### Description of the task
Copy the lines below, beginning with the one that contains "Warm Soft Blanket" and continuing through the final line, exactly as written and with no other lines.

### Exercise data
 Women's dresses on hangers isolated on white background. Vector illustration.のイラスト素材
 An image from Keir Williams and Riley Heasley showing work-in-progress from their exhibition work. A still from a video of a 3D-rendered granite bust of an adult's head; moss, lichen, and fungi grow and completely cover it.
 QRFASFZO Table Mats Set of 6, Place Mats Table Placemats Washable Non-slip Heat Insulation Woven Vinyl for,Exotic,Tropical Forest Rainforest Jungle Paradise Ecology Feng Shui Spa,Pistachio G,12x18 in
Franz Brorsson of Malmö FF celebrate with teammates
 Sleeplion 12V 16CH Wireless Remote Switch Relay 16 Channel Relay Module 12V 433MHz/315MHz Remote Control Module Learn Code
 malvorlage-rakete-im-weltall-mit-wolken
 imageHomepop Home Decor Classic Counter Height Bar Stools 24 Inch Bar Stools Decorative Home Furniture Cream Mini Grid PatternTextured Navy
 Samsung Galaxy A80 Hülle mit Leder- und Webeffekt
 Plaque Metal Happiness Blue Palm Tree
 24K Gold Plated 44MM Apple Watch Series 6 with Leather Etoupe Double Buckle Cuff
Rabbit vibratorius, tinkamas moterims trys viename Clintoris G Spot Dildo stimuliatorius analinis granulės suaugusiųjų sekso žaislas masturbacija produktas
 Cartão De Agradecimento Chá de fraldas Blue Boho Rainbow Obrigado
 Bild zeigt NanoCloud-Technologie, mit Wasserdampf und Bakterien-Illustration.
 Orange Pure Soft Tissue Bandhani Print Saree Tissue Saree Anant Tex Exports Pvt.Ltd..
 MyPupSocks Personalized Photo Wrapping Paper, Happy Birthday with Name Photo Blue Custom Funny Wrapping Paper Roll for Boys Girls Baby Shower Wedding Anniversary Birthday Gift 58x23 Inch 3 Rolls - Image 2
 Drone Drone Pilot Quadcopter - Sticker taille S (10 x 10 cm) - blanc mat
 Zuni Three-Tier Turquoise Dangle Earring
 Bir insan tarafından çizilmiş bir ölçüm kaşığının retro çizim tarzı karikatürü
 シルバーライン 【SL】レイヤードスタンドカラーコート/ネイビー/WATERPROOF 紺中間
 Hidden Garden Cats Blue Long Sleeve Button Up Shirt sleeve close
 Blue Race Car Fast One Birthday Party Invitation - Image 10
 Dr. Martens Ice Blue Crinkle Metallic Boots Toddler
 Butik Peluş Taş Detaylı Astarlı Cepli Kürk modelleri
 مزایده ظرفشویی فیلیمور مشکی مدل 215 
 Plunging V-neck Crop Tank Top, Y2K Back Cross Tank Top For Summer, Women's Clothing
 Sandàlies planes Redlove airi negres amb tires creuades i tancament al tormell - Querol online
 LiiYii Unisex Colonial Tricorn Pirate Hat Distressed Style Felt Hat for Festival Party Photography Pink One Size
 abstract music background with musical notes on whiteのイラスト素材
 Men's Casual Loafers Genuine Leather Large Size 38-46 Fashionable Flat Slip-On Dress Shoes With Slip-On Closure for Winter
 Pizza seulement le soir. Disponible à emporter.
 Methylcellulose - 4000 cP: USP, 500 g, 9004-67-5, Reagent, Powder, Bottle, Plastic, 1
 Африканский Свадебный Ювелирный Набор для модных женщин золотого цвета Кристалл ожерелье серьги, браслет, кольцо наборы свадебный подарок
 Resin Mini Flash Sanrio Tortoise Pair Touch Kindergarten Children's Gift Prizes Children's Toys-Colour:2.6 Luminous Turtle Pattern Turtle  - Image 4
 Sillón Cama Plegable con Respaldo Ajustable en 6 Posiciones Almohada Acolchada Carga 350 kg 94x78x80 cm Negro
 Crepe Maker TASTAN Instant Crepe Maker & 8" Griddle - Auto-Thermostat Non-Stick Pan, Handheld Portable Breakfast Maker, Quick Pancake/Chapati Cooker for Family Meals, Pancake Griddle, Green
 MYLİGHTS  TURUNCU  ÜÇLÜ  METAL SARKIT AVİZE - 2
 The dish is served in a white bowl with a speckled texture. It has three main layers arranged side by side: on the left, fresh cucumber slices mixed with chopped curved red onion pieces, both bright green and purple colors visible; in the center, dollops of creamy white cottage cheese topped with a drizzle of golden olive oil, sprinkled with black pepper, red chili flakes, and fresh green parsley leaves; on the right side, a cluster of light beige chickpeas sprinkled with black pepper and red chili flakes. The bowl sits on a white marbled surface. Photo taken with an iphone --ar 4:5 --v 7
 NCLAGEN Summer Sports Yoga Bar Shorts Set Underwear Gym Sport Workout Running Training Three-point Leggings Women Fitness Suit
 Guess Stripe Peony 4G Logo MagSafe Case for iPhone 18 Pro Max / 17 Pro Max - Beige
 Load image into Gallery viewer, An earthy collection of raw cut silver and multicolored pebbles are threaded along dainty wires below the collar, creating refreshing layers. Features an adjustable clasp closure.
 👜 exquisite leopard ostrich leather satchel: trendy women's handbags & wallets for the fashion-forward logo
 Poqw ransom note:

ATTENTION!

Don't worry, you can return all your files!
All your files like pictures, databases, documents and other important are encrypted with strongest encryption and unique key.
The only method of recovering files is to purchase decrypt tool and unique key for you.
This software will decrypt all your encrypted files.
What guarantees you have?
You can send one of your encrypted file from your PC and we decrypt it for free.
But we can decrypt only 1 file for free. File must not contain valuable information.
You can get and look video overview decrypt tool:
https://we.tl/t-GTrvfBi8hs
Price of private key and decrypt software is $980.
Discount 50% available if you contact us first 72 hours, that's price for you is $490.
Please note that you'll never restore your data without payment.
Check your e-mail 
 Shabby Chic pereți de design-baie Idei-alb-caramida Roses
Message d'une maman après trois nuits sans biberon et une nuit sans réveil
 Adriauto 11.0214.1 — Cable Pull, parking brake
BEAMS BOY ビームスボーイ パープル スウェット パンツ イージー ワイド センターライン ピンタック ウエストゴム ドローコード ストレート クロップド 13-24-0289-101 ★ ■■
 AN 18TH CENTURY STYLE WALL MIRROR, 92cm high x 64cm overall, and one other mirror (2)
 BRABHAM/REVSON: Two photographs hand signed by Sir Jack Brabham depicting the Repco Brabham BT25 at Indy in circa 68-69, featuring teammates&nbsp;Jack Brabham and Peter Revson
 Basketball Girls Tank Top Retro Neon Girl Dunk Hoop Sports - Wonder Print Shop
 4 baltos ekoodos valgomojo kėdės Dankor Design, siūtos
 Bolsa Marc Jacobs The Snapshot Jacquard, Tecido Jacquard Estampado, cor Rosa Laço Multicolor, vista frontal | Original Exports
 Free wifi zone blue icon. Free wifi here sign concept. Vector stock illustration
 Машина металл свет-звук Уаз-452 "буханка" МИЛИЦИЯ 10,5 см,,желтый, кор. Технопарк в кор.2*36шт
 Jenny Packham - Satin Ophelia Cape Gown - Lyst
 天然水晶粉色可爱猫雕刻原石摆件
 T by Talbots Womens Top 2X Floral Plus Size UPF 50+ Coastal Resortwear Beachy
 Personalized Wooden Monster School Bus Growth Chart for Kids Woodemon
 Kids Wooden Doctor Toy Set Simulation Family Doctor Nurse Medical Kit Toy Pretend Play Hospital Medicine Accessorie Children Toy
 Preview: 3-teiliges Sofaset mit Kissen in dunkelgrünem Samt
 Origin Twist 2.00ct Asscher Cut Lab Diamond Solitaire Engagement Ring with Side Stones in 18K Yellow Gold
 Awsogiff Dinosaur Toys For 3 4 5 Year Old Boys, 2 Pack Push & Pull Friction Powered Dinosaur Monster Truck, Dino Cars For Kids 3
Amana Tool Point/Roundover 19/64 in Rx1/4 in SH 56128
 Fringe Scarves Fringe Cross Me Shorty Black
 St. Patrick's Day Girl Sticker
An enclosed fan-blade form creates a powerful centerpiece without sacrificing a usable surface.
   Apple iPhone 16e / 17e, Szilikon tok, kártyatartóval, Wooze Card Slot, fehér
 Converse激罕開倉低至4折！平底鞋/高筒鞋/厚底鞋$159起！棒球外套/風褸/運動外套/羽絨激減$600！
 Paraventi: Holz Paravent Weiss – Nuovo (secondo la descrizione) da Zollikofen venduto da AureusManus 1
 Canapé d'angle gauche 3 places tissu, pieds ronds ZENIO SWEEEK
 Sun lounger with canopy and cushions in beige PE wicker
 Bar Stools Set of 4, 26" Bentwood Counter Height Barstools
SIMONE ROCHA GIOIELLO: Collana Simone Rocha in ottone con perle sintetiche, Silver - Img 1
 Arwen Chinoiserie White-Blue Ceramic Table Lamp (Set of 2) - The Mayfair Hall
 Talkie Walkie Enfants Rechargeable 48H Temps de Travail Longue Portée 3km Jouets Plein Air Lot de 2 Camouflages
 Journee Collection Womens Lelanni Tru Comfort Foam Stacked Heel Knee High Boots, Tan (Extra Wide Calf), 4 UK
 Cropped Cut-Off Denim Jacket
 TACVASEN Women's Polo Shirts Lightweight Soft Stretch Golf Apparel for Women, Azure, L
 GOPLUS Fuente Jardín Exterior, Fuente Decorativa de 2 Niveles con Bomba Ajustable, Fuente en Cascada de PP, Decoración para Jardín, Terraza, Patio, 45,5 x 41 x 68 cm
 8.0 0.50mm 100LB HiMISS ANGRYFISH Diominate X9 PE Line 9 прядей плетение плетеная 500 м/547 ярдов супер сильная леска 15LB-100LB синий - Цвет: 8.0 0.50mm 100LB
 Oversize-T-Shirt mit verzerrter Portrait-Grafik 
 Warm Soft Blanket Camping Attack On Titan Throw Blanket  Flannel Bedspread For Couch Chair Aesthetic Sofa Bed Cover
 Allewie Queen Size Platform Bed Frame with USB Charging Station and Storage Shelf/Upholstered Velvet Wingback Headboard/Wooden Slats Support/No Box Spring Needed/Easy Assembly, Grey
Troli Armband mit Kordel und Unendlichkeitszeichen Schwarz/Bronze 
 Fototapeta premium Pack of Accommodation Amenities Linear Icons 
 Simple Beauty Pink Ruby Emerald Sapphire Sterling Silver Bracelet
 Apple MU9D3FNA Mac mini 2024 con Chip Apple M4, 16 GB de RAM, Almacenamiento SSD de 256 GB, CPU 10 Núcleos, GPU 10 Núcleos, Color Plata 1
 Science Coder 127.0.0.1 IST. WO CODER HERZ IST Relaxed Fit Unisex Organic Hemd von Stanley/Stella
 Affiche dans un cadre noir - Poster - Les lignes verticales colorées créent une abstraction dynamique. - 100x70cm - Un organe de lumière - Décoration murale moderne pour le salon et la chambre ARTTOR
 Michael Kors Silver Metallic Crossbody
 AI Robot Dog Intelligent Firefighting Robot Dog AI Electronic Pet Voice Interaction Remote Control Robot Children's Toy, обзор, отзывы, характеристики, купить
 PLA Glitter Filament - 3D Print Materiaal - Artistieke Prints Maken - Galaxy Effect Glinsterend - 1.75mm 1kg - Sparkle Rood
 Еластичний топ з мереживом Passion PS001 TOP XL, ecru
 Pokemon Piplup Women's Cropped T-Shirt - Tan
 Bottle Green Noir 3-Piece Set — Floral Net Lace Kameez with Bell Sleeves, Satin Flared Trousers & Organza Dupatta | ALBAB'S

### Expected answer
 Warm Soft Blanket Camping Attack On Titan Throw Blanket  Flannel Bedspread For Couch Chair Aesthetic Sofa Bed Cover
 Allewie Queen Size Platform Bed Frame with USB Charging Station and Storage Shelf/Upholstered Velvet Wingback Headboard/Wooden Slats Support/No Box Spring Needed/Easy Assembly, Grey
Troli Armband mit Kordel und Unendlichkeitszeichen Schwarz/Bronze 
 Fototapeta premium Pack of Accommodation Amenities Linear Icons 
 Simple Beauty Pink Ruby Emerald Sapphire Sterling Silver Bracelet
 Apple MU9D3FNA Mac mini 2024 con Chip Apple M4, 16 GB de RAM, Almacenamiento SSD de 256 GB, CPU 10 Núcleos, GPU 10 Núcleos, Color Plata 1
 Science Coder 127.0.0.1 IST. WO CODER HERZ IST Relaxed Fit Unisex Organic Hemd von Stanley/Stella
 Affiche dans un cadre noir - Poster - Les lignes verticales colorées créent une abstraction dynamique. - 100x70cm - Un organe de lumière - Décoration murale moderne pour le salon et la chambre ARTTOR
 Michael Kors Silver Metallic Crossbody
 AI Robot Dog Intelligent Firefighting Robot Dog AI Electronic Pet Voice Interaction Remote Control Robot Children's Toy, обзор, отзывы, характеристики, купить
 PLA Glitter Filament - 3D Print Materiaal - Artistieke Prints Maken - Galaxy Effect Glinsterend - 1.75mm 1kg - Sparkle Rood
 Еластичний топ з мереживом Passion PS001 TOP XL, ecru
 Pokemon Piplup Women's Cropped T-Shirt - Tan
 Bottle Green Noir 3-Piece Set — Floral Net Lace Kameez with Bell Sleeves, Satin Flared Trousers & Organza Dupatta | ALBAB'S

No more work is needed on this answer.